Someone does, but not you. Obviously, there's a server somewhere which runs your code. But since you don't deal with it directly, it's mostly as if there was no server - since it was abstracted away form you so you could focus on what you really want to do.
If you were to go down deeper, a server is just an electrical machine which shuffles eletrons around. So, you could say "there's no point in talking about 'servers', if we're just using transistors when you really think about it".
But it would convey no useful information if someone asked you "what are you using to run your service?" and you replied "well, I just move electrons around", would it?
No, i am not advocating reductionism, server has a analogical meaning as it serves something.

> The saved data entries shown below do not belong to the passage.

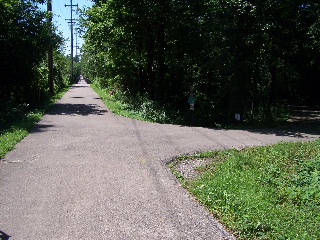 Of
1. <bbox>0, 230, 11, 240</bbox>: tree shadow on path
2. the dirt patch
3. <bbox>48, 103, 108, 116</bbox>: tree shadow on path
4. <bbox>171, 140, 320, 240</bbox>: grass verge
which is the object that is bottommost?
<bbox>0, 230, 11, 240</bbox>: tree shadow on path

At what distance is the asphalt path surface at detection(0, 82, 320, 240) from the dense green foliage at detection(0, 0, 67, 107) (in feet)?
26.6

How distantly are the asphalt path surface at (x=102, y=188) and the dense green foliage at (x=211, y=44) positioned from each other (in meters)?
4.85

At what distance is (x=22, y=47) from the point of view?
16.9m

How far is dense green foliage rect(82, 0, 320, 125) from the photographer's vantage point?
46.3 ft

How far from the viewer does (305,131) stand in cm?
1274

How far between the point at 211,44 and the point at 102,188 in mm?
10876

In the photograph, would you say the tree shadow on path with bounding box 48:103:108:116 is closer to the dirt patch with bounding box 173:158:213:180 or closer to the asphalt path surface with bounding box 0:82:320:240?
the asphalt path surface with bounding box 0:82:320:240

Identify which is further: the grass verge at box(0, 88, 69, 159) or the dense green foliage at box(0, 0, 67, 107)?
the dense green foliage at box(0, 0, 67, 107)

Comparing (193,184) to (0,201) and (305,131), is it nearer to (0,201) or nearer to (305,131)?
(0,201)

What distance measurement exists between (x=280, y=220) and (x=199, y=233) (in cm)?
111

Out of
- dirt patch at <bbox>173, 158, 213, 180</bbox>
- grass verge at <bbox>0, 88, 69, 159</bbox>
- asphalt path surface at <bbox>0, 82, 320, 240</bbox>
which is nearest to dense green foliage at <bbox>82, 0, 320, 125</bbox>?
asphalt path surface at <bbox>0, 82, 320, 240</bbox>

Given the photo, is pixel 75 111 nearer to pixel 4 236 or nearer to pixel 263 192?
pixel 263 192

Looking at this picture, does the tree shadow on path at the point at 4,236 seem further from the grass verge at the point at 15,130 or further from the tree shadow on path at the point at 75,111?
the tree shadow on path at the point at 75,111

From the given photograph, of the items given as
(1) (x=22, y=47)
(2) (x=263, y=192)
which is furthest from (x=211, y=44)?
(2) (x=263, y=192) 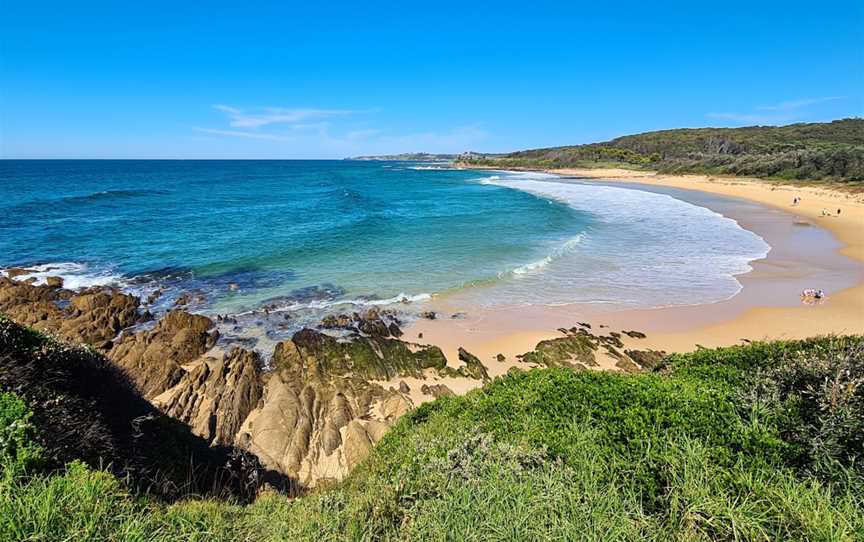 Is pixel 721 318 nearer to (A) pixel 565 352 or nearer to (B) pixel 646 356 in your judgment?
(B) pixel 646 356

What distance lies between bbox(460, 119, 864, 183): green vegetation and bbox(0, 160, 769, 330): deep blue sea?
3169 centimetres

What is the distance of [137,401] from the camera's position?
7410mm

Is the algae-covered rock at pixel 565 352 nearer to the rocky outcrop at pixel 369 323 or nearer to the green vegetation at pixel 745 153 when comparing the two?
the rocky outcrop at pixel 369 323

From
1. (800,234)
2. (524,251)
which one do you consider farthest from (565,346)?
(800,234)

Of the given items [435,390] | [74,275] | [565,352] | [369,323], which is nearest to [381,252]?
[369,323]

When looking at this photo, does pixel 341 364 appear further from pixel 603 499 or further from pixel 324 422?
pixel 603 499

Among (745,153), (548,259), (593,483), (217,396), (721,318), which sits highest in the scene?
(745,153)

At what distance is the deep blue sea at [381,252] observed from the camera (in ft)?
61.6

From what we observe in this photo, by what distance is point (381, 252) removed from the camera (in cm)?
2623

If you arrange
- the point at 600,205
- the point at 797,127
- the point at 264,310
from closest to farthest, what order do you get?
the point at 264,310 → the point at 600,205 → the point at 797,127

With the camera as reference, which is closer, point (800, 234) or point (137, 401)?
point (137, 401)

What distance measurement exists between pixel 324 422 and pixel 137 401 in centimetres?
409

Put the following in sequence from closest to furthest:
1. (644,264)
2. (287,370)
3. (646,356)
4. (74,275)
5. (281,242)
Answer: (287,370) < (646,356) < (74,275) < (644,264) < (281,242)

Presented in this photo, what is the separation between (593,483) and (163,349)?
13.6 m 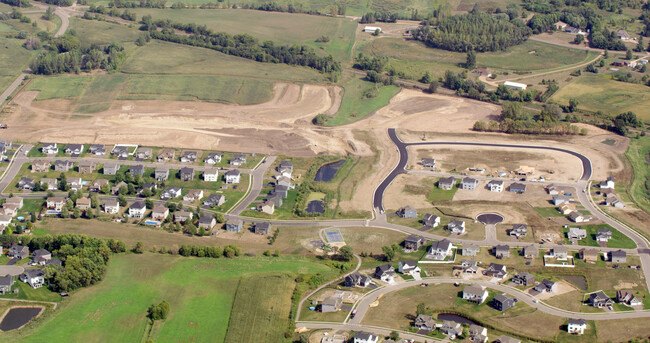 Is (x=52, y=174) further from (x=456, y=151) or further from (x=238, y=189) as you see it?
(x=456, y=151)

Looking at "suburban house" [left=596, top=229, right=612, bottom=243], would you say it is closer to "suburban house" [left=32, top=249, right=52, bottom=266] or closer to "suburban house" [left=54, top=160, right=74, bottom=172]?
"suburban house" [left=32, top=249, right=52, bottom=266]

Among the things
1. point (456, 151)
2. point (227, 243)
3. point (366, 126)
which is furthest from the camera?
point (366, 126)

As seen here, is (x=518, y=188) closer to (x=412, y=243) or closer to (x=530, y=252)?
(x=530, y=252)

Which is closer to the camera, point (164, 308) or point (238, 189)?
point (164, 308)

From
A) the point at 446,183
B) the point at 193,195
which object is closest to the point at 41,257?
the point at 193,195

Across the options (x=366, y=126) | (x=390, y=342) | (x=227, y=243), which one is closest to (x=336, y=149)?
(x=366, y=126)

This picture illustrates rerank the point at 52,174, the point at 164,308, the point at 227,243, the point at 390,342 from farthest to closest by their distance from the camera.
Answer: the point at 52,174
the point at 227,243
the point at 164,308
the point at 390,342

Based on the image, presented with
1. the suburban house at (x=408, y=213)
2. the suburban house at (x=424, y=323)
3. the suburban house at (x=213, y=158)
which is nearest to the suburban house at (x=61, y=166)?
the suburban house at (x=213, y=158) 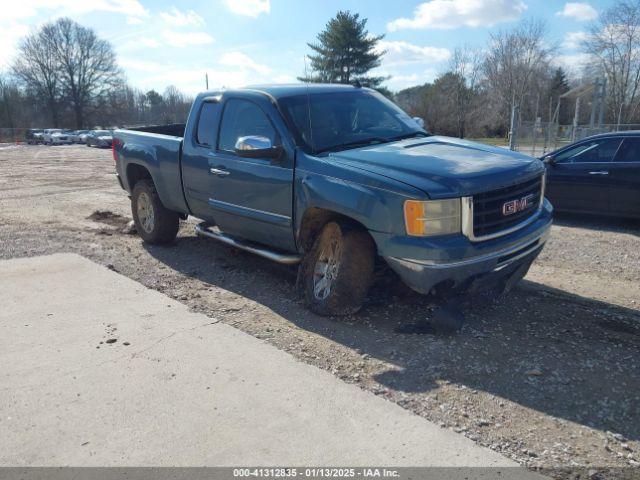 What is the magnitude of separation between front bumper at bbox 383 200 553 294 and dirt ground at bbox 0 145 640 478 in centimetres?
47

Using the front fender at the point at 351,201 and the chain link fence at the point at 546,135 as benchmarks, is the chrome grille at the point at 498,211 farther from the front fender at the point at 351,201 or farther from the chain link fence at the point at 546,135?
the chain link fence at the point at 546,135

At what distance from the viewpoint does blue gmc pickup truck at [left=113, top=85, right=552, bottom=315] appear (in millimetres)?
3879

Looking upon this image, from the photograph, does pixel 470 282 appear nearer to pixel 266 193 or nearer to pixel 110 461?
pixel 266 193

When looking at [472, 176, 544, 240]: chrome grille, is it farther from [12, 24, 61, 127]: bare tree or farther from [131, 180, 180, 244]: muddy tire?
[12, 24, 61, 127]: bare tree

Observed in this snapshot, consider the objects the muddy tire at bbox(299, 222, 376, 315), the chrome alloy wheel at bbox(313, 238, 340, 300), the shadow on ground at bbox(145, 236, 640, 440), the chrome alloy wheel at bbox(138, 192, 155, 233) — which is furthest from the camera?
the chrome alloy wheel at bbox(138, 192, 155, 233)

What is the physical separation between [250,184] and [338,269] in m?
1.34

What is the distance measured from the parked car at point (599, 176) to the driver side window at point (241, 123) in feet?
19.2

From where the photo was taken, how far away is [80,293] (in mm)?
5355

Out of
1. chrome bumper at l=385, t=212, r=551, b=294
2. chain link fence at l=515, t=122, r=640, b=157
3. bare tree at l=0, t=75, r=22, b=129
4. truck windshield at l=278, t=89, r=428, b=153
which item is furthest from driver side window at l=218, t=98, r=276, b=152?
bare tree at l=0, t=75, r=22, b=129

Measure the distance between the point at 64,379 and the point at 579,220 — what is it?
27.1 feet

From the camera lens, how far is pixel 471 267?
12.7 ft

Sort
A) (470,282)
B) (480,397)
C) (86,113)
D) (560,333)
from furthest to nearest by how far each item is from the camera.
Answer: (86,113) < (560,333) < (470,282) < (480,397)

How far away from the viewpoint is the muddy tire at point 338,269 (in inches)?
173

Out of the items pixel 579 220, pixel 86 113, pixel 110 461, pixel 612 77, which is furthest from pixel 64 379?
pixel 86 113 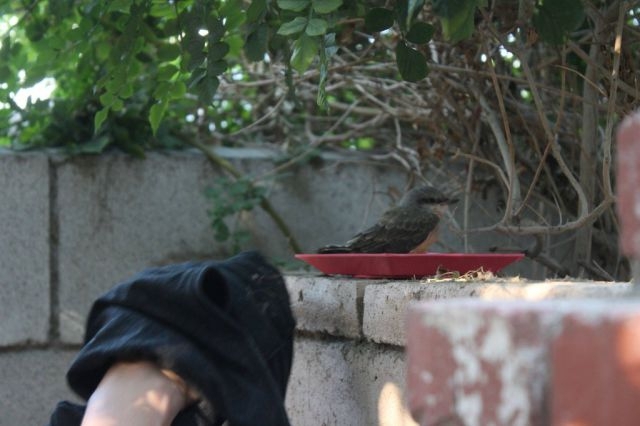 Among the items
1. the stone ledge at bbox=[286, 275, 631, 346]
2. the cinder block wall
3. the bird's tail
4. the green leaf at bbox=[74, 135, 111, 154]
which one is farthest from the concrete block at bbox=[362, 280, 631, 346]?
the green leaf at bbox=[74, 135, 111, 154]

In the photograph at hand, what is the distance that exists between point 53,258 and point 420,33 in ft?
7.62

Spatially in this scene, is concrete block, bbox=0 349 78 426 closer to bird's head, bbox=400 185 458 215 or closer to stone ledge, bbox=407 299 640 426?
bird's head, bbox=400 185 458 215

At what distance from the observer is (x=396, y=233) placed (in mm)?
3162

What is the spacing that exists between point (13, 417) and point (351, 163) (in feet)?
5.53

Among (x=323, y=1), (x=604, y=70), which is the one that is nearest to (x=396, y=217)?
(x=604, y=70)

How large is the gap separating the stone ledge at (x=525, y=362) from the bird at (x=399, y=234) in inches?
77.8

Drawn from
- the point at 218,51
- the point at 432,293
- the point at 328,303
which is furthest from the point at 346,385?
the point at 218,51

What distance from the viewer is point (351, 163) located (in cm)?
469

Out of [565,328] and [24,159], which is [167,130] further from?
[565,328]

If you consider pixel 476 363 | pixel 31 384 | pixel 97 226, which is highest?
pixel 476 363

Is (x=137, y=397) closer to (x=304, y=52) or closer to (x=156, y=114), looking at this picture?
(x=304, y=52)

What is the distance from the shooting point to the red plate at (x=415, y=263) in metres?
2.65

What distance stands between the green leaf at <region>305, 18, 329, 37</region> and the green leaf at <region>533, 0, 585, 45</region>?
1.46 ft

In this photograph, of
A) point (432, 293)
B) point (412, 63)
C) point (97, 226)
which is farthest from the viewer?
point (97, 226) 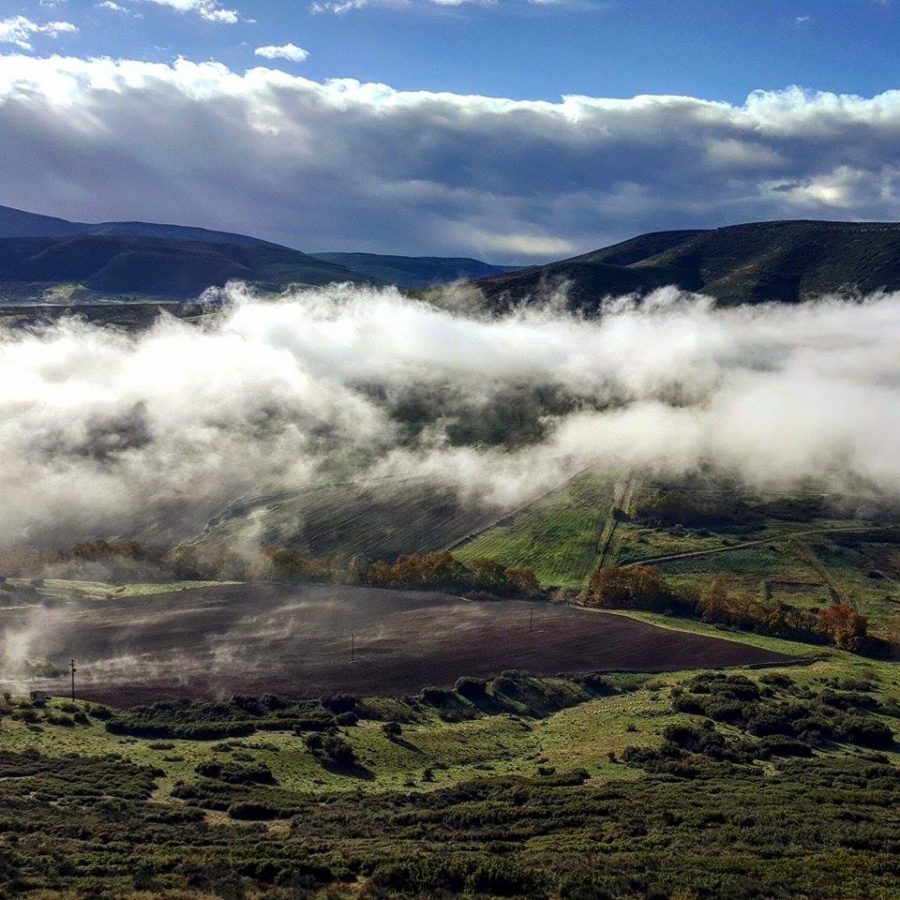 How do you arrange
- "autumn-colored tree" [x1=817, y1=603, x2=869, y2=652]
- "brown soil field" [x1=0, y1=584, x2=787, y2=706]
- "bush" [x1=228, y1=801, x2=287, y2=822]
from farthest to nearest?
"autumn-colored tree" [x1=817, y1=603, x2=869, y2=652], "brown soil field" [x1=0, y1=584, x2=787, y2=706], "bush" [x1=228, y1=801, x2=287, y2=822]

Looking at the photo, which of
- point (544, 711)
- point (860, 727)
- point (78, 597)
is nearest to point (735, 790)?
point (860, 727)

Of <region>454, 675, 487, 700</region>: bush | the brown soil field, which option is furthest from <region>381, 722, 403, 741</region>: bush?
<region>454, 675, 487, 700</region>: bush

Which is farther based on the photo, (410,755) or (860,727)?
(860,727)

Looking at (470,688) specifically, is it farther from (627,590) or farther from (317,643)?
(627,590)

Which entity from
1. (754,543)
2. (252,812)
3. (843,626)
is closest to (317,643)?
(252,812)

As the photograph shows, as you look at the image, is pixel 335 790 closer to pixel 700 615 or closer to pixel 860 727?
pixel 860 727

Processing has analogical meaning as we do processes something, serverless implies there are no servers involved.
As far as managing goes, most of the server are not managed by you anyway. But yeah i get it, everyone likes it so...
On the management side, I'm curious what you mean by "most of the server are not managed by you anyway". In my experience, unless you're in a very big company, you are either managing or at least minding the server, or someone within earshot range is.
In that scenario, not having to even consider if the error you're getting is because your server is restarting/out-of-memory/needing-update/broken-by-a-coworker like 99% of the time is as close to "serverless" as it gets, in terms of day-to-day work activities and worries.
If you were to go down deeper, a server is just an electrical machine which shuffles eletrons around. So, you could say "there's no point in talking about 'servers', if we're just using transistors when you really think about it".
But it would convey no useful information if someone asked you "what are you using to run your service?" and you replied "well, I just move electrons around", would it?